大学受験の時、英語だけでなく、内容に興味関心を持てるレベルの人が求められているということをよく言われていました。ところで、この夏、日本語能力試験N1とN2の短期講座を担当しました。しかし、N1の問題集の読解文にはあまり面白みがないと思いました。もちろん、著作権があるとか、分量が短いということはありますが、情報処理にしか使えないようなものばかりの印象がありました。最近私が指導で感じていることを読解ストラテジーと教材づくりの2点に整理したいと思います。

読解ストラテジーは使える能力?

まず、特に日本語能力試験向けの読解教材の目的はストラテジー習得が目的のため、そのストラテジーに合わせた教材が選ばれています。

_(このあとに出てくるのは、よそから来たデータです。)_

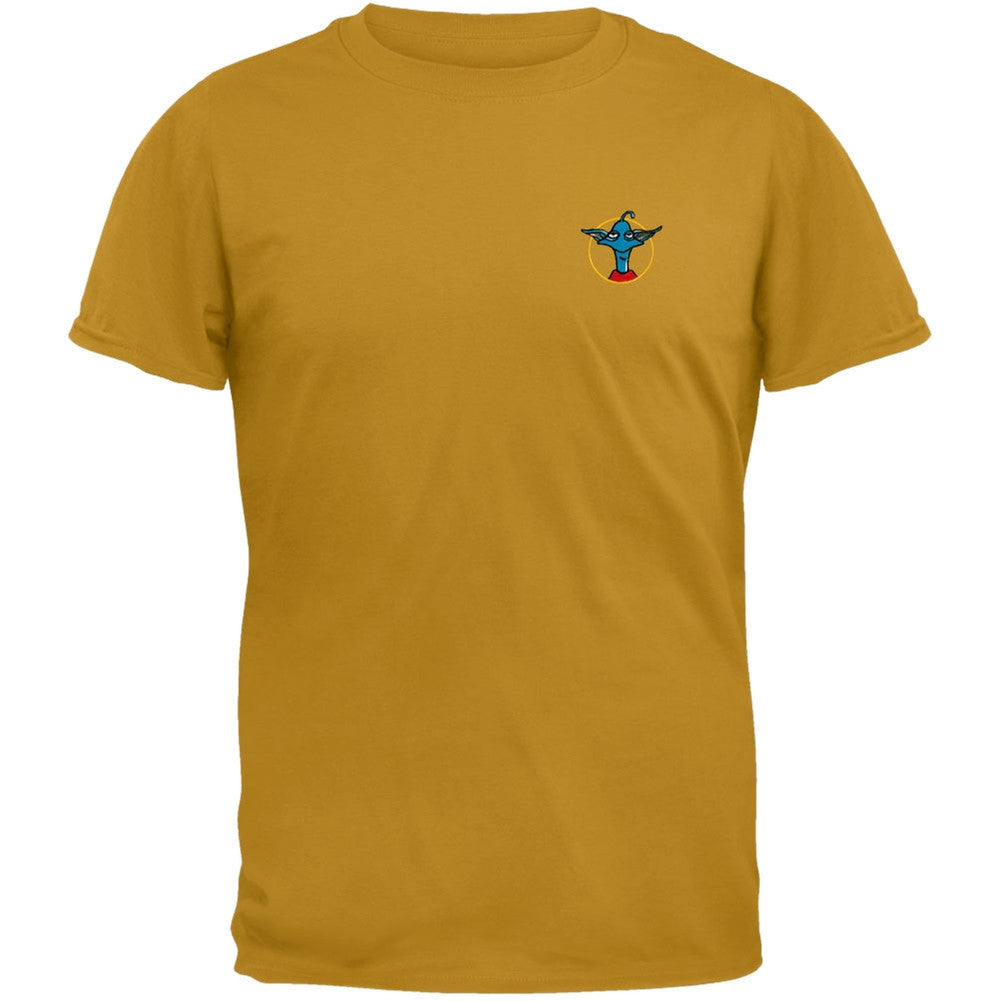 Alien - Mustard T-Shirt Men's T-Shirts Old Glory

そのせいか、妙な部分を切り取られているものがありました。また、個別のスキルを指導していっても、学習者がいつどのように使えばよいのか判断する能力は身に付くのでしょうか。

試験対策以外では、やはりストラテジーを文脈から切り出すことよりも、いつどんなストラテジーを使って読むかを教師が理解したうえで、非明示的に指示し、読後に文脈に即してどんなストラテジーを使ったかを言語化させるという指導が必要なのかもしれません。なぜなら、このストラテジーを使って読みなさいという指導をして、実際に学習がそのストラテジーを使っているかどうかは分からないからです。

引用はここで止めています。